〇44番(小野寺研一君) 御答弁まことにありがとうございました。
 何点か再質問をさせていただきます。
 広域に関して、振興局のあり方、そのことについてお伺いしたいわけでございますけれども、これの実行は一体いつになって、どの時点で県の方針が定まるのか、まずお聞きしたいと思います。

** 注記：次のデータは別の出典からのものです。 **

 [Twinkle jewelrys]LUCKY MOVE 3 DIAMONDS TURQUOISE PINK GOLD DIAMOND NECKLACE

 それと、今、県北地域においては久慈振興局、二戸振興局と二つあるわけでございますが、その管内に特殊な事情があるんです。恐らく市町村合併もそのことに非常に大きくかかわっているのだろうと思いますが、二戸管内を、二戸市、一戸町、九戸村、そして軽米町の四つを一つの区切り、カシオペア連邦と称しております。ここの九戸村と軽米町が九戸郡になって久慈管内―久慈管内ということじゃない。選挙区は九戸郡、久慈管内のほうになっている。そういうふうなことがあいまいになって、恐らくその地域だけだろうと思います。今、二戸管内に二戸郡一戸町、このただ一つだけです。そういうふうなことをやはりきちっと県としては指導なり、ある程度考えを促すなり、そんなことをきちっとしてその先へ行かないと、そこを飛び越していろいろなことをしなさいといっても、なかなか無理があるのだろうと思いますので、部長、どのようにお考えになっているのか、まずお聞きしたいと、そのように思います。

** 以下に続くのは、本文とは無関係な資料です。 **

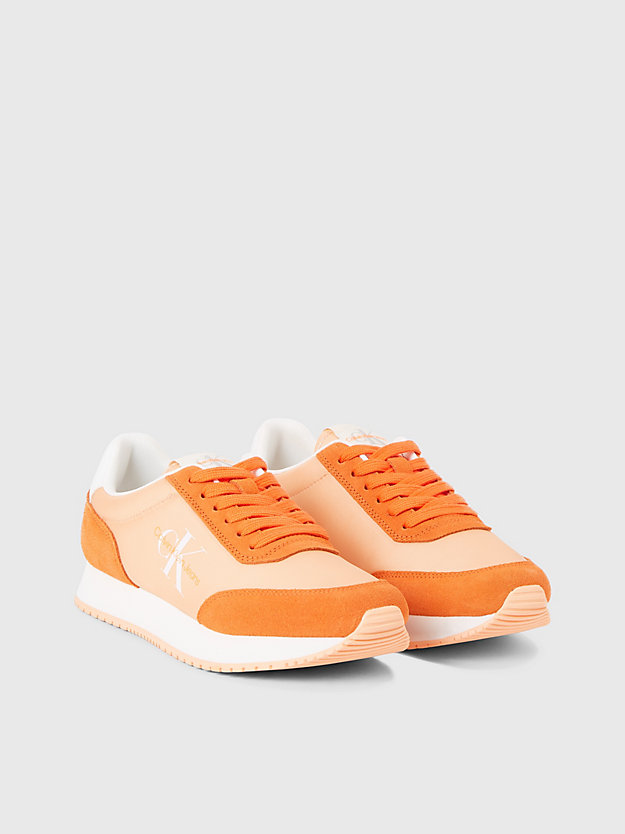 apricot ice/bright white trainers for women calvin klein jeans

 それから、1次産業のことでございますが、私は、これの充実がないと岩手県の振興はなかなか難しいものだろうと。特にも最近、世界不況といいますか、自動車産業がこければ、当然、鉄鋼、その他多くのものが非常に急激に我々を直撃してくるという状況下にあります。そういうときに、やはりこれからいろんなことを考えていかなければ、そういうことも想定しながら県内を見渡していかなければならない、こういう状況にあると思いますが、その点はいかがなものでございましょうか。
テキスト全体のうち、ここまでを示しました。